Para dilucidar esta cuestión puede ser útil revisar el antecedente más cercano que tenemos. En 2017 Macri encaró su elección de medio término, venía de llevar adelante una importante devaluación, una liberalización del mercado de cambios y el comercio exterior y apuntaba a revalidar su gestión para intentar imponer tres reformas: laboral, tributaria y previsional. En la provincia de Buenos Aires el peronismo fue dividido no en dos, si no en tres listas. Cristina (37%) encabezó la lista más representativa, Sergio Massa (11%) la segunda y Florencio Randazzo (5%) la tercera. Esta alquimia permitió que Cambiemos, con Esteban Bullrich (41%) a la cabeza, ganara las elecciones provinciales. El resultado no tuvo una importancia meramente simbólica. A diferencia de este año en aquel 2017 la provincia de Bs.As. no sólo elegía diputados nacionales sino también senadores. El triunfo de Bullrich significó que Jorge Taiana no pudiera ser electo como senador nacional y que, en su lugar, entrara Gladys González, del Pro.

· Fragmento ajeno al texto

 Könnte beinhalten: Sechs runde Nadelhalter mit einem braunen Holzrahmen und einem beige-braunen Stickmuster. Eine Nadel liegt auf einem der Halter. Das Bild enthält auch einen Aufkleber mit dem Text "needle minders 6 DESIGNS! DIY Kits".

La lectura predominante de “los analistas” fue que el triunfo de Cambiemos en la Provincia de Buenos Aires, nada menos que frente a Cristina, le daba piedra libre a Macri para profundizar su política antipopular. Sin embargo, en diciembre de aquel año las calles porteñas y plazas de todo el país se llenaron de piquetes y cacerolas para rechazar la reforma previsional y el operativo represivo que la otra Bullrich había desplegado para imponerla. Allí, todos coincidimos, comenzó la debacle política del gobierno de Macri que se espiralizó con una crisis financiera.
Lo que prácticamente ningún analista señaló, y esto es producto de la hegemonía liberal que padece nuestro país, fue el fenómeno social que aconteció durante el proceso electoral y que explica el hecho de que Macri, aún “ganando”, en realidad perdió. Al igual que Milei, Macri había sido electo a través de un balotaje que lo había llevado a recibir el apoyo de más de la mitad del electorado. El hecho de depositar el voto en una opción, aún cuando esta sea una opción limitada a elegir entre dos variantes no deseadas, tiene indefectiblemente un efecto subjetivo. Quien elige en un balotaje una opción distinta a su elección original toma una determinación: considera que la opción electa es menos mala que la desechada.
Como toda determinación humana, se basa en una serie de preceptos, ideas, intuiciones y/o emociones. Adivinar con precisión esas motivaciones, sobre todo en un fenómeno tan masivo y heterogéneo como una elección presidencial, es imposible. De lo que no hay dudas es de que esas motivaciones existen, anteceden a la elección y sobreviven también. Hay quienes son más propensos que otros a revisar sus decisiones, pero todos nos atenemos a ellas al menos por un tiempo. En el caso de una votación, ese tiempo suele ser el que transcurre entre una elección y la otra. La inmensa mayoría de todos los pueblos del mundo no transcurre sus días pensando si lo que hizo en las últimas elecciones estuvo bien o mal. Quien escribe considera que hay en ello, no sólo una apatía relativa a los hechos sociales, sino también una dosis de sabiduría popular. Las mayorías sociales dedican su capacidad mental a resolver aquello que tienen a mano resolver: cómo cuidar a su familia, cómo mejorar los ingresos o racionalizar los gastos, cómo divertirse o descansar, en síntesis, cómo transcurrir la vida lo mejor posible. En nuestro país, cada dos años sin embargo, se encuentran frente a la necesidad de revisar su opción electoral, reafirmar la opción realizada la última vez o cambiarla.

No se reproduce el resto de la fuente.